### [REQUIRED WORK]
Only the text should come through, so restate the listing exactly and drop its images.
○ ○ ○
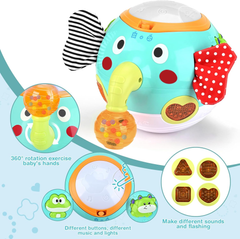 Walking Elephant Baby Toy – Musical Crawling & Sensory Toy for 6–12M, Ideal Gift for 1 Year Old Boys & Girls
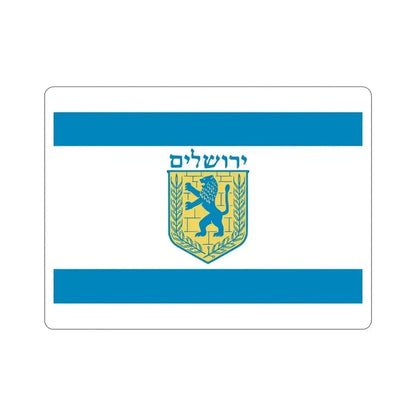 Flag of Jerusalem STICKER Vinyl Die-Cut Decal - The Sticker Space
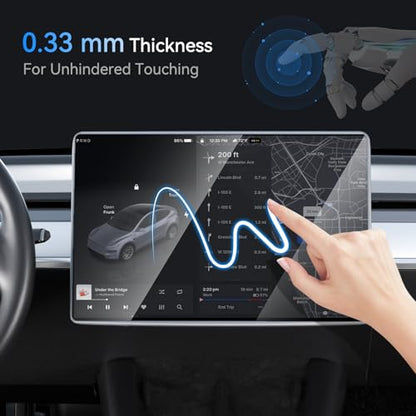 Screen Protector for Tesla Model 3 (2024-2026)/Model Y 2025 - size: 15.4" Model Y/3 Front-M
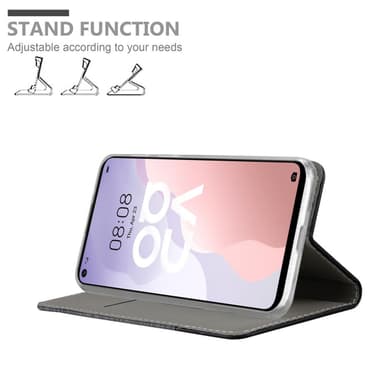 Huawei NOVA 7 SE Suojakuori Lompakkokotelo (harmaa)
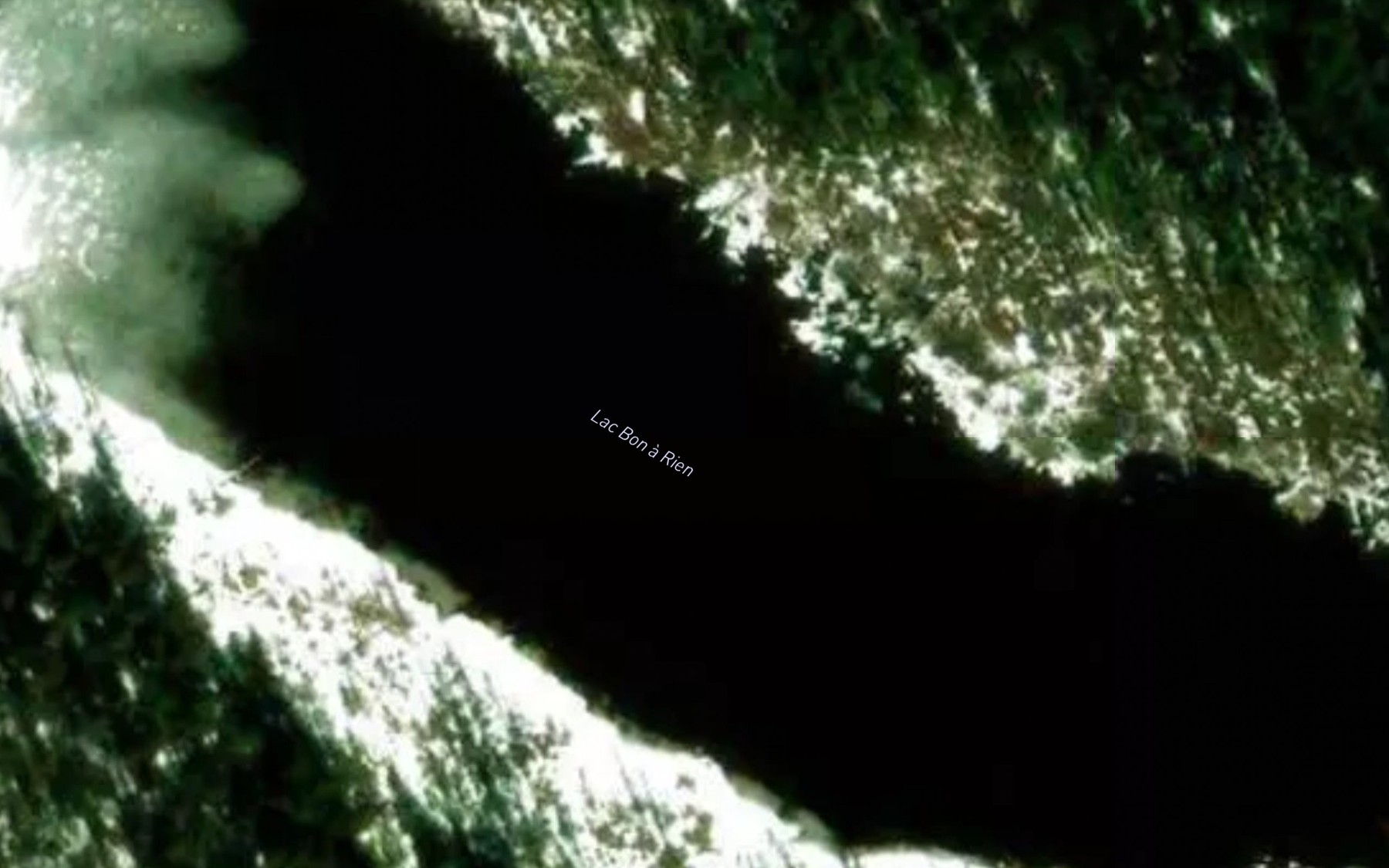 Satellite map of the Lac Bon a Rien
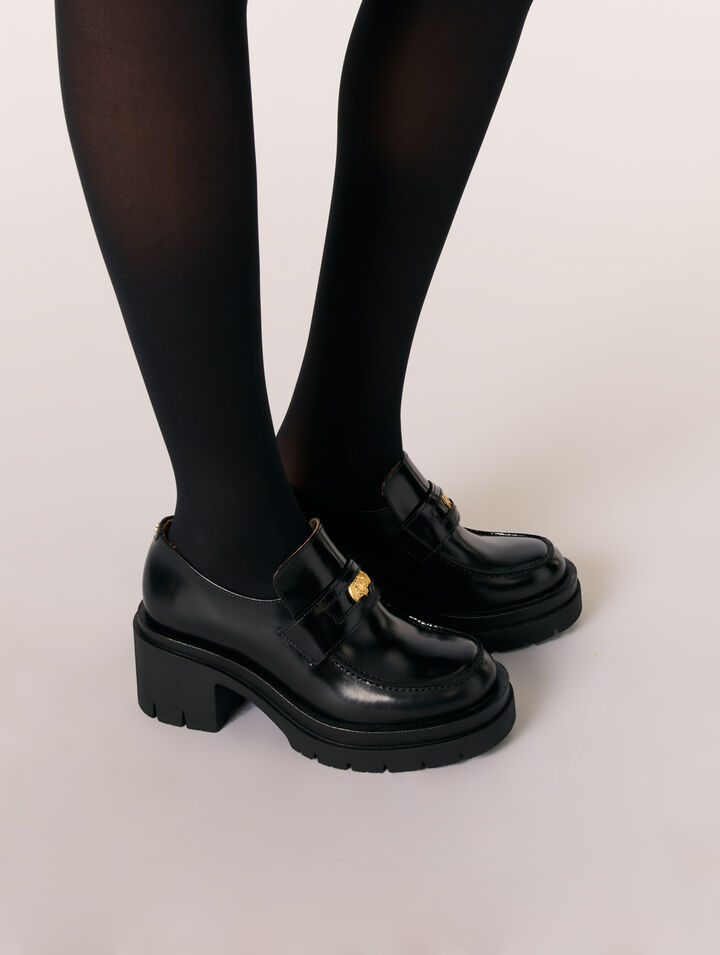 Heeled loafers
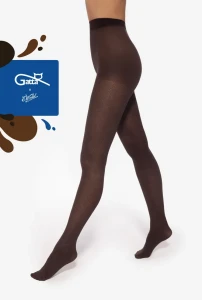 Gatta Rajstopy kolor inspirowany czekoladą plus size WEDEL 40 DEN dark choco 
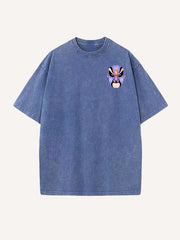 Chinese opera mask hand-painted personalized short-sleeved T-shirt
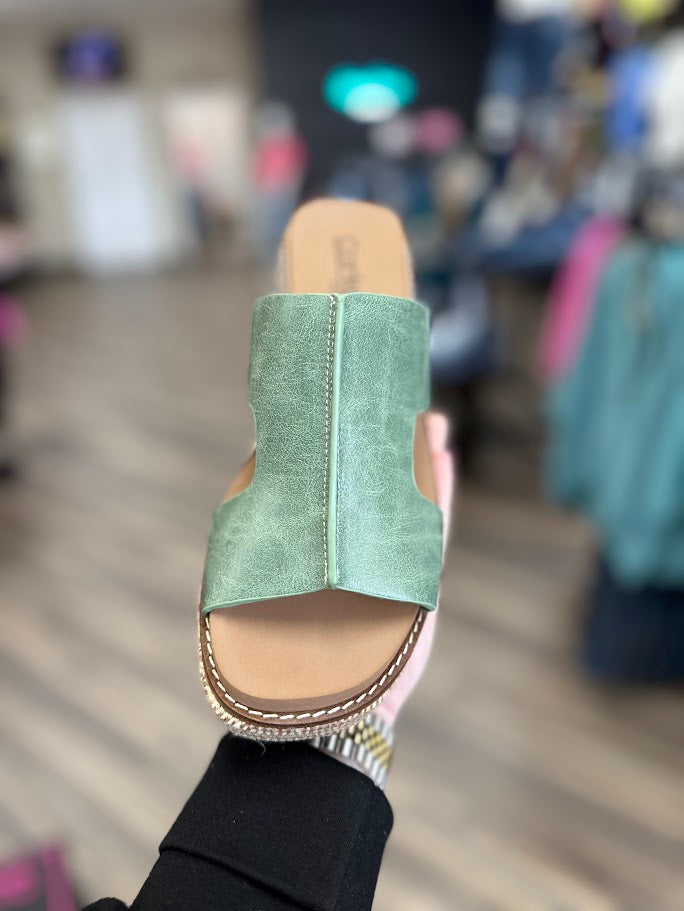 corkys wedges, green wedge sandals, corkys platform sandals, braided wedge shoes, comfortable wedges for women, corkys sandals, spring wedges, summer platform sandals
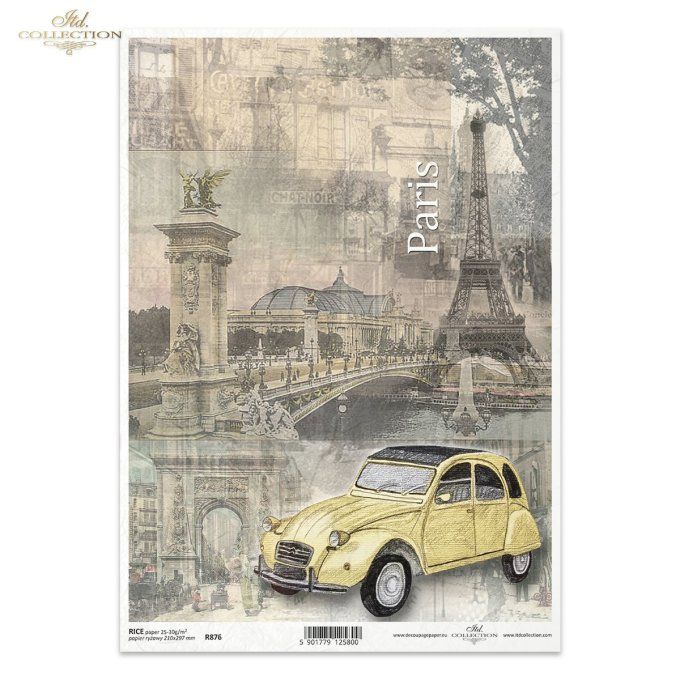 Papier de Riz 2CV Paris R0876
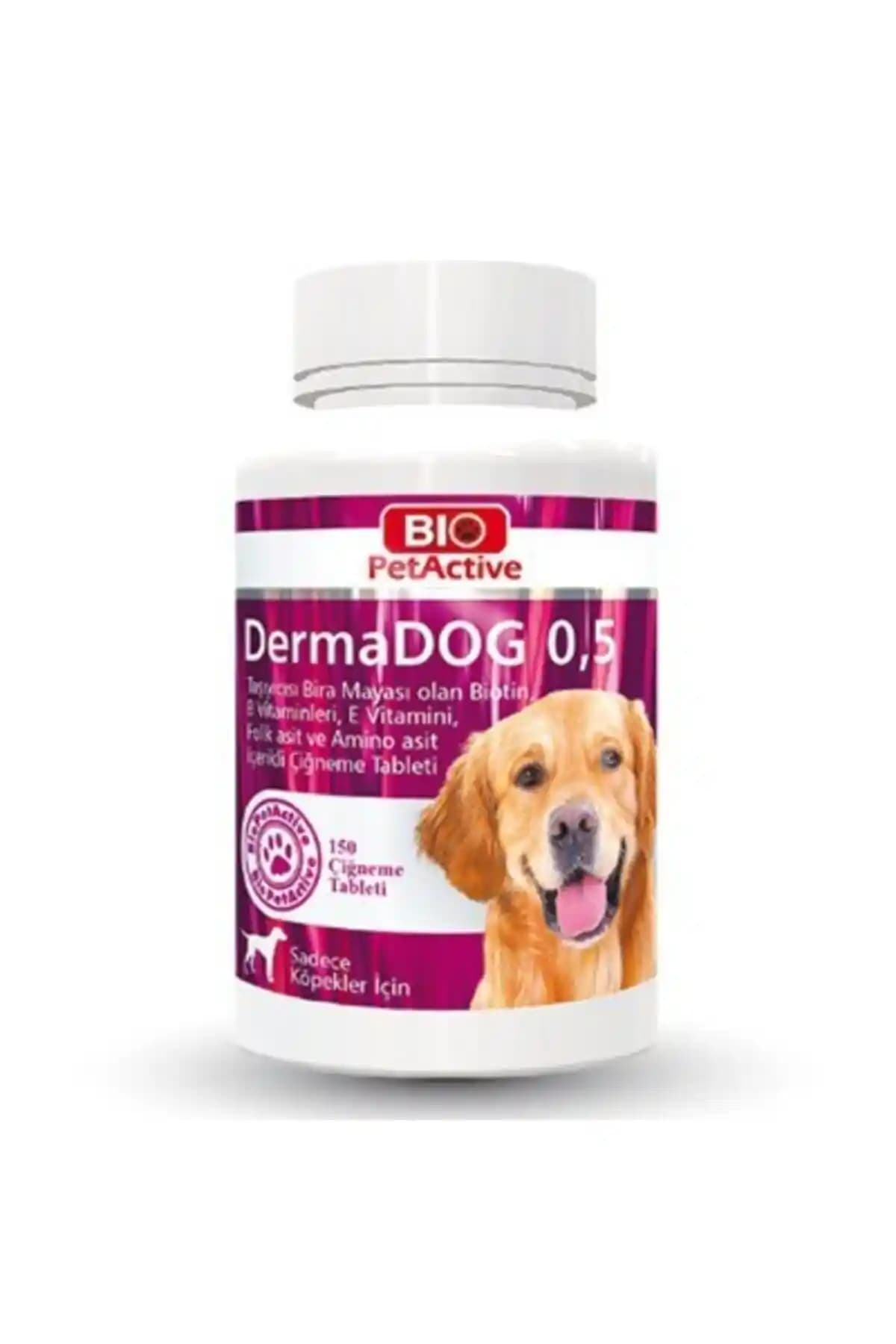Bio PetActive Pet Active Dermadog: Küçük Irk Köpekler İçin Güçlü ve Doğal Takviye Çözümü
○ ○ ○
### [OUTPUT BELOW]
 Walking Elephant Baby Toy – Musical Crawling & Sensory Toy for 6–12M, Ideal Gift for 1 Year Old Boys & Girls
 Flag of Jerusalem STICKER Vinyl Die-Cut Decal - The Sticker Space
 Screen Protector for Tesla Model 3 (2024-2026)/Model Y 2025 - size: 15.4" Model Y/3 Front-M
 Huawei NOVA 7 SE Suojakuori Lompakkokotelo (harmaa)
 Satellite map of the Lac Bon a Rien
 Heeled loafers
 Gatta Rajstopy kolor inspirowany czekoladą plus size WEDEL 40 DEN dark choco 
 Chinese opera mask hand-painted personalized short-sleeved T-shirt
 corkys wedges, green wedge sandals, corkys platform sandals, braided wedge shoes, comfortable wedges for women, corkys sandals, spring wedges, summer platform sandals
 Papier de Riz 2CV Paris R0876
Bio PetActive Pet Active Dermadog: Küçük Irk Köpekler İçin Güçlü ve Doğal Takviye Çözümü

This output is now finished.